Changes in risk premia in financial markets, following the credit crisis, have weakened the relationship between the cash rate and banks’ mortgage rates, with the cash rate no longer completely indicative of where home loan rates should be, the Reserve Bank has conceded.
In a research paper released yesterday, the RBA explained that for most of the past decade banks’ funding costs had tended to move in line with the cash rate, resulting in a market practice whereby small business and home loan variable rates closely tracked the cash rate.
But capital market instability has meant that banks’ funding costs have not fallen in line with the cash rate, the RBA said.
It is now estimated that banks’ outstanding funding liabilities have fallen by around 330 basis points since the first reduction to the cash rate in September, around 95 basis points less than the 425 basis point fall in the official cash rate.
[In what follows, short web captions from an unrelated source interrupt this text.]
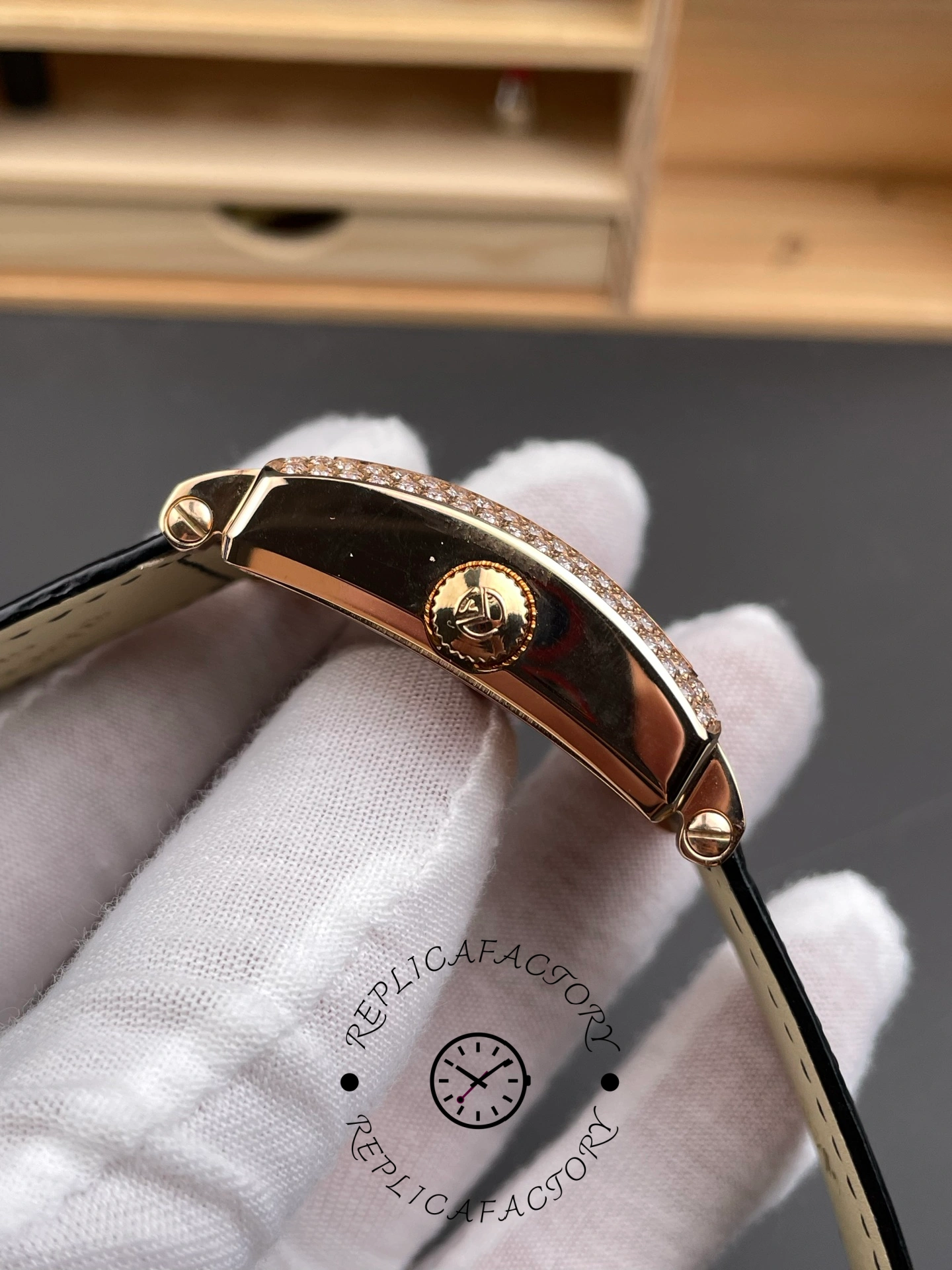 ArtsLuxury | Luxury Boutique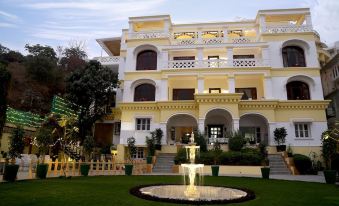 Brahma Niwas - Best Lake View Hotel in Udaipur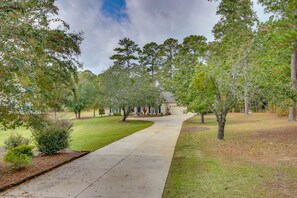 Property grounds - McCormick Home: Monticello Golf Club Getaway! (McCormick)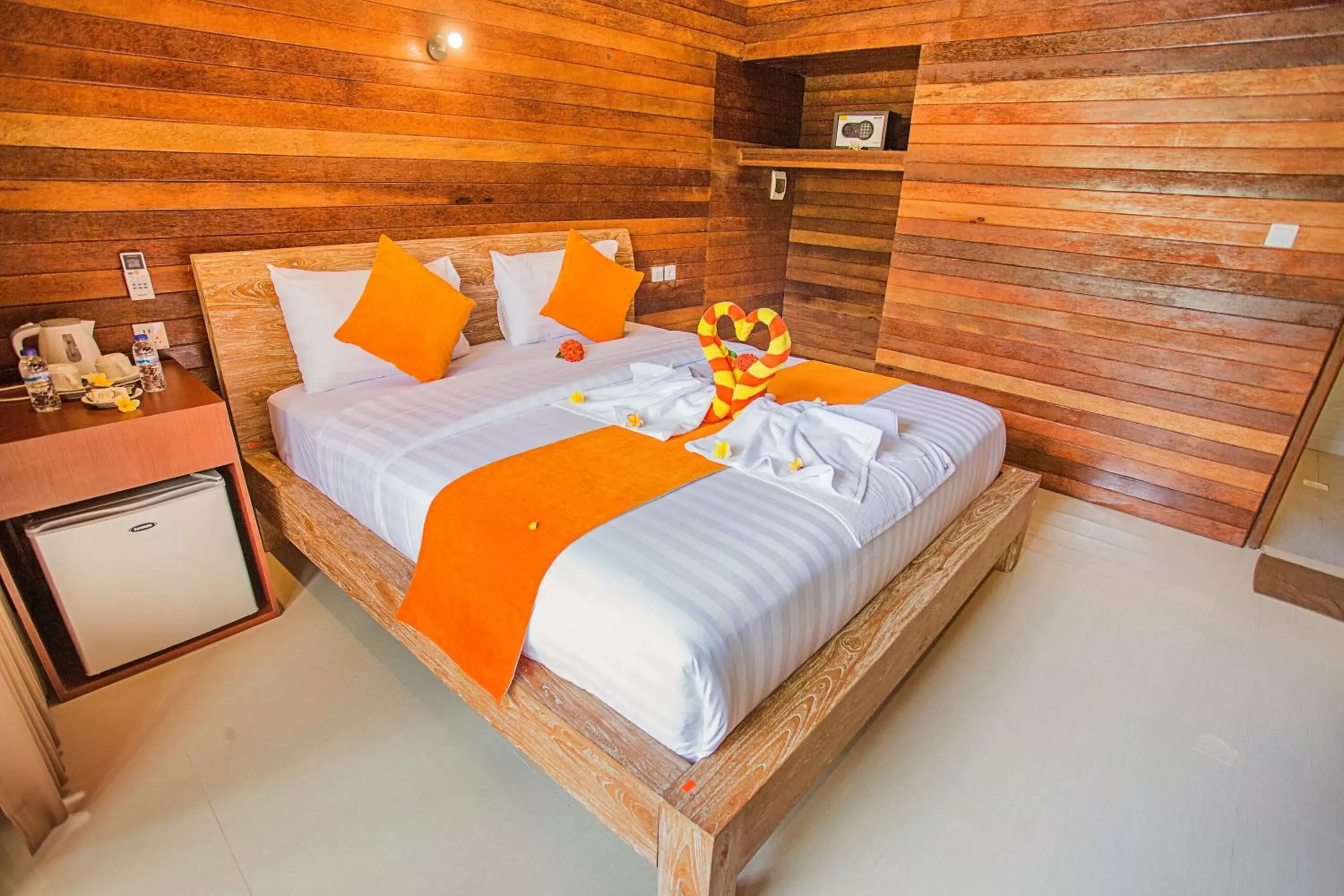 Bed in Dinatah Lembongan Villas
“The recent financial turbulence means that while the cash rate remains a key influence on banks’ funding costs, the costs of the various forms of banks’ funding have not fallen as much as the cash rate due to an increase in term premia and credit and liquidity spreads,” the RBA said.
Despite this, the RBA said the major banks had been able to slightly increase their net interest margins by offsetting lower margins on home loans with higher margins on business lending.
Since September small businesses have only enjoyed 230 basis points in interest rate cuts, the RBA said, but not only to recoup margins but increase their risk margins, it acknowledged.